I established a digital marketing agency in 2005, ran it for 11 years and sold it to establish a software-as-a-service-based startup. After four years, although my startup was profitable and growing, I didn’t see it turning into the billion-dollar company I aspired to create — so I  decided to sell it. 

Around the same time, I finished my Executive MBA and started thinking about my next step. I knew I wanted to work with talented people and on projects that would have a large-scale impact.

I called many friends and colleagues to get their thoughts. A former employee of mine who now works at Google told me about a role that matched what I was looking for. The more I learned about the role and the team, the more I fell in love with it and decided to apply.


Asaf wearing a Noogler hat while sitting in front of a computer. Around him are books, sticky notes on a wall, a mug, a plant and a painting.

Asaf at his home workspace.

How did the recruitment process go for you? 

I began the process in January 2020, just before the pandemic affected Europe, and I had the opportunity to fly to the Dublin office in February for an interview. But then I went back to a lockdown when I came back to Tel-Aviv, and continued the rest of the process remotely.

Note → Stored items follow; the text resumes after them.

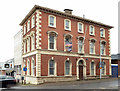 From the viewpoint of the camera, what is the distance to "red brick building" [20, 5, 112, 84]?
89.1ft

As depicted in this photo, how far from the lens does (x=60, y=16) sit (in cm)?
2991

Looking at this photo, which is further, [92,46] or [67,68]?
[92,46]

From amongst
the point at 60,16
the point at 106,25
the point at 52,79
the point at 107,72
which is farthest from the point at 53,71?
the point at 106,25

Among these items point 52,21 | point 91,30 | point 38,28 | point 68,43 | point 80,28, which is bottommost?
point 68,43

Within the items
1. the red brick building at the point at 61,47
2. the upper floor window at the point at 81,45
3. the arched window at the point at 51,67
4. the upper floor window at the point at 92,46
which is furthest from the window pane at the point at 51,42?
the upper floor window at the point at 92,46

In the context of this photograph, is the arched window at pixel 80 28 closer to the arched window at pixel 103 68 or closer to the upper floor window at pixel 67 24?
Result: the upper floor window at pixel 67 24

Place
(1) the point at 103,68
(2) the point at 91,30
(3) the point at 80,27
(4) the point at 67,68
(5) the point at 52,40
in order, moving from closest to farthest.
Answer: (5) the point at 52,40 < (4) the point at 67,68 < (3) the point at 80,27 < (2) the point at 91,30 < (1) the point at 103,68

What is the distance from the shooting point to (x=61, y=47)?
29359 mm

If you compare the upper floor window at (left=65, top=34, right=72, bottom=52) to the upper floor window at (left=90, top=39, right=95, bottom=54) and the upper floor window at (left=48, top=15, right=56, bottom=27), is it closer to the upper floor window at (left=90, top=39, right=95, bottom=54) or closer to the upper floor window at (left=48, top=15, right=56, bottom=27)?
the upper floor window at (left=48, top=15, right=56, bottom=27)

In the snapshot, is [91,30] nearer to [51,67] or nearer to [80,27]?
[80,27]

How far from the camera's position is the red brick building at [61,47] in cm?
2717

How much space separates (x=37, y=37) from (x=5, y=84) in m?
9.44

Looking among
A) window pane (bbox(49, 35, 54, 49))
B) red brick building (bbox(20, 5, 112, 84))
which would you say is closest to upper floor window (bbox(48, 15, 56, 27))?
red brick building (bbox(20, 5, 112, 84))

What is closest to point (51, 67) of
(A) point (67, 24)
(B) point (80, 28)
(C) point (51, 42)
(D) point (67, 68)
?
(D) point (67, 68) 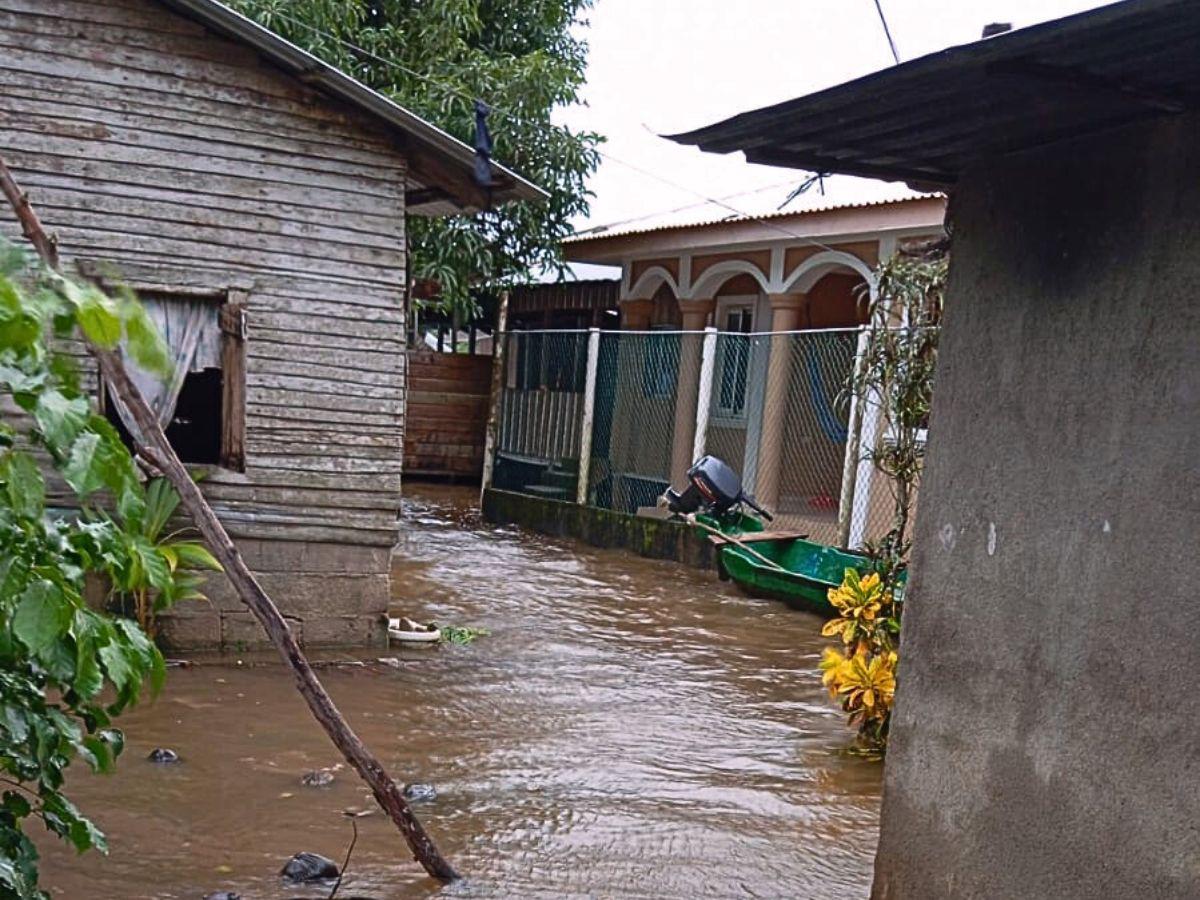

The process was very transparent and structured. But what amazed me most about it is how human it was. Andy, my recruiter, was there with me from the first call until way after the contract was signed. In fact Andy is still in contact with me, sending me personal emails and organizing a monthly call.

How have you forged new contacts and relationships while working remotely?

I was surprised by the depth of the connections I’ve established with my team and other Googlers so far. Maybe it’s the fact that we see each other's houses and families on the first call that makes us open up and talk about personal things pretty quickly. 

Google has brilliant people that are humble and fun to work with. They go above and beyond to help another Googler. What I like most about the people here is that they measure everything, learn quickly and perform better the next time.

Asaf wears a santa hat and holds up a drink to toast with teammates virtually on a computer

Since joining Google, his team has had a pizza workshop with a Michelin-starred chef, a bartender training, a gingerbread house competition and a virtual science camp for kids.

What advice would you give to someone considering the move to Google at the current time?

There are advantages to starting work remotely. I’m an office person, and I’m really looking forward to starting working with my team in the office. That said, since this new job involves relocation, it’s been easier to focus on onboarding without also needing to also figure out things like moving the family to a new country, plus adjusting to a new school and language for the kids.

Additionally, all meetings being virtual helps me learn faster by attending more meetings as a guest and seeing everything in action. 

Do you have any tips you’d like to share with aspiring Googlers?

The first one is to apply, I talked to so many people that told me that their dream is to join a company like Google — but when I asked them what roles they applied for, they said they actually didn’t. So it might seem obvious but my first tip is to apply.

Then, my next tip would be to treat the process with respect, prepare for the different stages, and be curious by asking as many questions as you can.